Ciúme demais pode fazer namoro virar escravidão; jovens contam rotina de proibições, isolamento e agressões físicas

DÉBORA YURI
PATRÍCIA PEREIRA

COLABORAÇÃO PARA A FOLHA

Depois do caso Eloá, em que a adolescente foi seqüestrada pelo ex-namorado ciumento e a história acabou em tragédia, e do rompimento de Luana Piovani com Dado Dolabella, que teria agredido a atriz numa casa noturna, uma luz vermelha acendeu na cabeça de muitos adolescentes: qual é o limite do ciúme? Será que meu namorado (ou namorada) chegaria a esse ponto? E o que eu faria nessa situação?
Juliana*, 17, namora há um ano e cinco meses um rapaz muito ciumento, que já a agrediu. "Uma vez, na minha casa, a gente teve uma discussão, ele se irritou e me deu um tapa e um soco no rosto.

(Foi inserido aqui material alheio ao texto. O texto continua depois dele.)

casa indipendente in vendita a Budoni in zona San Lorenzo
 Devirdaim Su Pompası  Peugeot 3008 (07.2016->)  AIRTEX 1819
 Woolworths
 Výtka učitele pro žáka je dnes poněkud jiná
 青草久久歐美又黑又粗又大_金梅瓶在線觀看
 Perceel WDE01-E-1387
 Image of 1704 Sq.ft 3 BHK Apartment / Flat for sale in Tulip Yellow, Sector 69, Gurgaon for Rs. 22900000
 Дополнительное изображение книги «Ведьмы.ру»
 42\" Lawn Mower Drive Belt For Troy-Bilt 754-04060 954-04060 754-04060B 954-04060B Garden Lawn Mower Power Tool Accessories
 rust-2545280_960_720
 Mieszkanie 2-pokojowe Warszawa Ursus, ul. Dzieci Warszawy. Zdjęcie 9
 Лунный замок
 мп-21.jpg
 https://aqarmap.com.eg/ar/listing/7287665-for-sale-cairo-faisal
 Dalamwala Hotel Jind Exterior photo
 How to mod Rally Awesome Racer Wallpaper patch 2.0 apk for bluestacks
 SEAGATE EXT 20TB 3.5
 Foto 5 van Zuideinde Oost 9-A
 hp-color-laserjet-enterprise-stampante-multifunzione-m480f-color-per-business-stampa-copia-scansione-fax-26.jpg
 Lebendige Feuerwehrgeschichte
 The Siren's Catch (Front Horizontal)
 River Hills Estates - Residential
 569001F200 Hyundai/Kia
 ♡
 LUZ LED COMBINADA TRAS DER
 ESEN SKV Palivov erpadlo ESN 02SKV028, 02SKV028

Eu só chorei, porque não ia conseguir me defender, ele é muito mais forte."
Ela terminou o relacionamento, mas, um mês depois, reatou com o namorado por "gostar muito dele", apesar da indignação das amigas, de se sentir "idiota" e das broncas dos pais, a quem o menino pediu desculpas pela violência.
"Jovens que se submetem a relacionamentos possessivos não dão a si mesmos muita importância, a tal ponto que se subjugam a caprichos e excessos do parceiro", diz o psicólogo especializado em adolescência Miguel Perosa, da PUC-SP.
"A carência emocional é tão complexa que ele chega a achar fascinante ter alguém tão preocupado consigo, mesmo que cerceie sua liberdade. A vítima do ciúme fica cega, faz de tudo para não ver o problema, porque ela precisa daquilo", completa a psicóloga Ana Paula Mallet Lima, da Unifesp.

Conselho vira ordem
O ciumento além da conta começa a mostrar sua cara com conselhos, que mais adiante viram proibições e podem culminar em agressões verbais e até físicas. Foi assim com Juliana.
Desde o início, o namorado implicava com recados deixados por meninos em seu Orkut. Passou a ficar nervoso e a iniciar brigas sempre que ela tinha vontade de sair sozinha.
Ele ainda a controla, com ligações para o seu celular. "Ele liga o tempo todo, eu atendo e ele pede relatório: "Onde você tá? Com quem você tá?'", conta.
Segundo especialistas, o ciúme muitas vezes é confundido com cuidado e visto como uma forma de amor. "Mas é apenas a manifestação da insegurança. E isso é perigoso, porque as exigências tendem a aumentar de freqüência e de intensidade, transformando a vida do outro numa escravidão", diz Perosa.
Quando tinha 18 anos, Fernanda*, 25, teve um namorado possessivo. Suas amigas o apelidaram de "psycho" (psicopata). Ele a mandava trocar de roupa, controlava com quem ela conversava e aonde ia e tinha ciúme até da sua família.
O namoro durou três anos. "As pessoas foram se afastando. Fui me isolando também, só saía com ele", lembra. O programa de sexta era sair da faculdade e comer pizza na casa dele; no sábado, cinema; domingo, almoçar com os pais dele.
"Eu estava vivendo como se tivesse 70 anos, mas tinha 18. Ele só admitia duas amigas que conhecia bem; homem, nem pensar. Eu tinha medo das reações dele. Demorei a me tocar, pensava que as atitudes eram por se preocupar comigo", diz.
Daniela*, 17, foi proibida pelo ex-namorado de entrar no MSN, fazer um perfil no Orkut e de falar com meninos. "Eu só podia conversar com as minhas amigas e com os amigos dele, e só com ele por perto", conta.
Quando ele a proibiu de sair sem autorização, a jovem pôs fim à relação. "Ele falava que era normal ter ciúme, que me adorava. Percebi que, se você tolera, o tempo passa e o controle só piora."
Para o psicólogo Ailton Amélio, da USP, há limites que não podem ser atingidos -como agressão física, desrespeito verbal, invasão de celular ou e-mail, restrição da vida social.
"Tem que deixar claro o que é intolerável. Se persistir? Termine o namoro", diz. Como fez Luana Piovani com Dado Dolabella, e explicou: "Descontrole nesse nível eu não aceito".